_WHAT TO PRODUCE_.
Take the material below and extract the lines from the one with "<p>• Multi-ring structure</p><p>•" through the one with "4041276429 Available Maremma Puppies", word for word, without pictures.
___ DATA UNDER STUDY ___
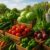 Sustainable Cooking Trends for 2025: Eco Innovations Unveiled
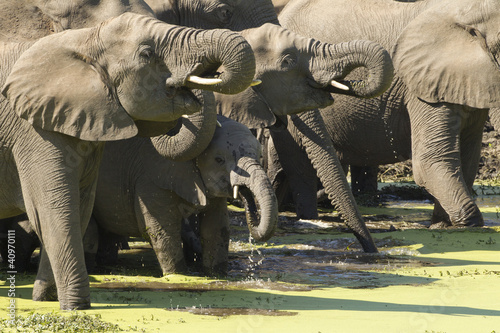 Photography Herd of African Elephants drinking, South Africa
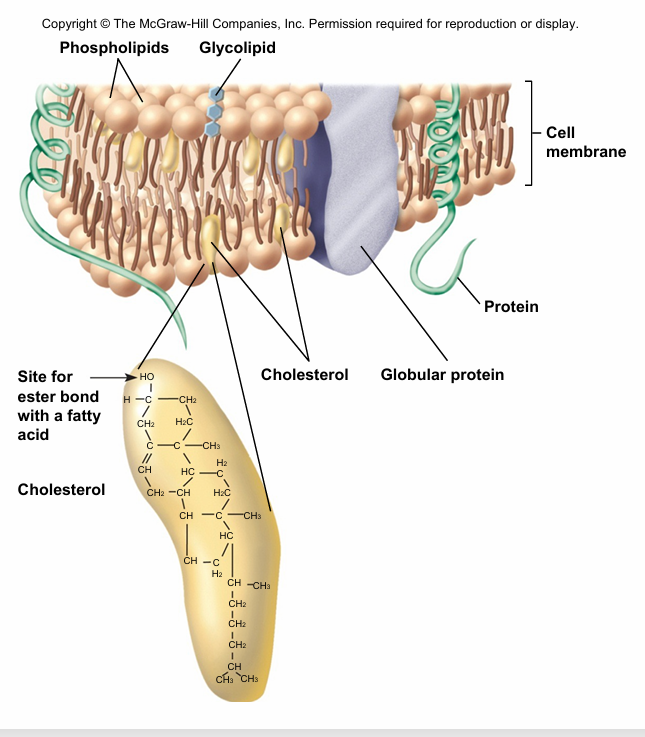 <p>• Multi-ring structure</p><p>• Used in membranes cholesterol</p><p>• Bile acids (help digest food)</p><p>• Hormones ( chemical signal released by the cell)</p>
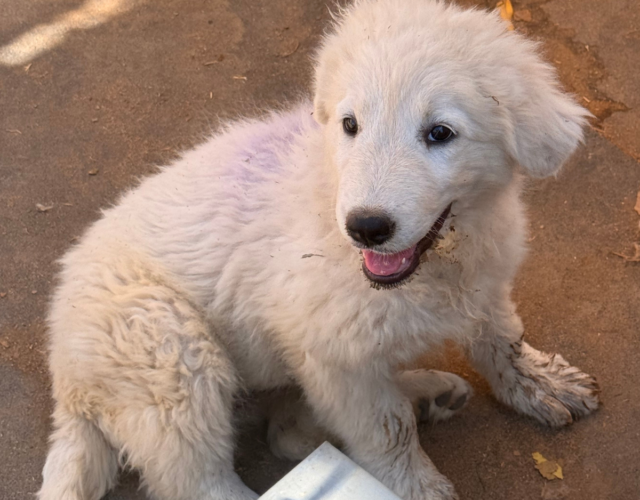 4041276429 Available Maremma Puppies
___
___ DATA UNDER STUDY ___
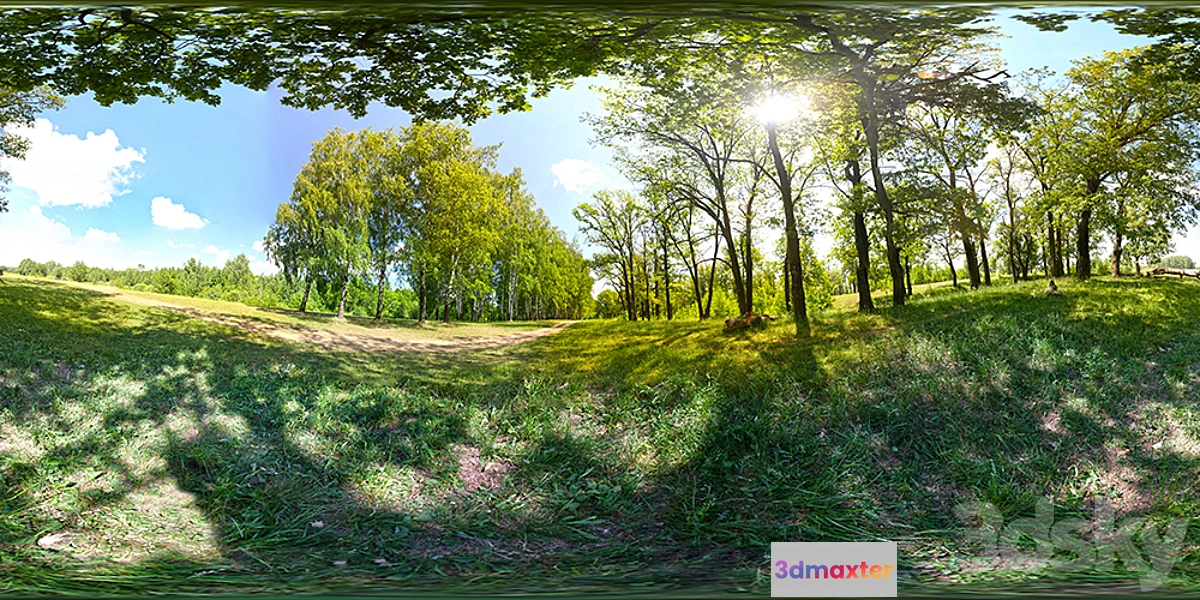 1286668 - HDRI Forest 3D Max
___
___ DATA UNDER STUDY ___
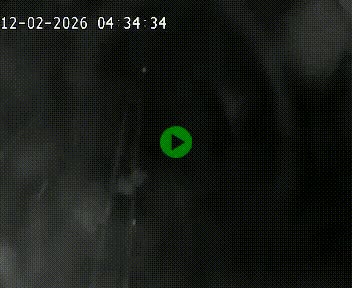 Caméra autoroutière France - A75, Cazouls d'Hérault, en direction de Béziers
___
_ANSWER FOR THIS EXERCISE_.
 <p>• Multi-ring structure</p><p>• Used in membranes cholesterol</p><p>• Bile acids (help digest food)</p><p>• Hormones ( chemical signal released by the cell)</p>
 4041276429 Available Maremma Puppies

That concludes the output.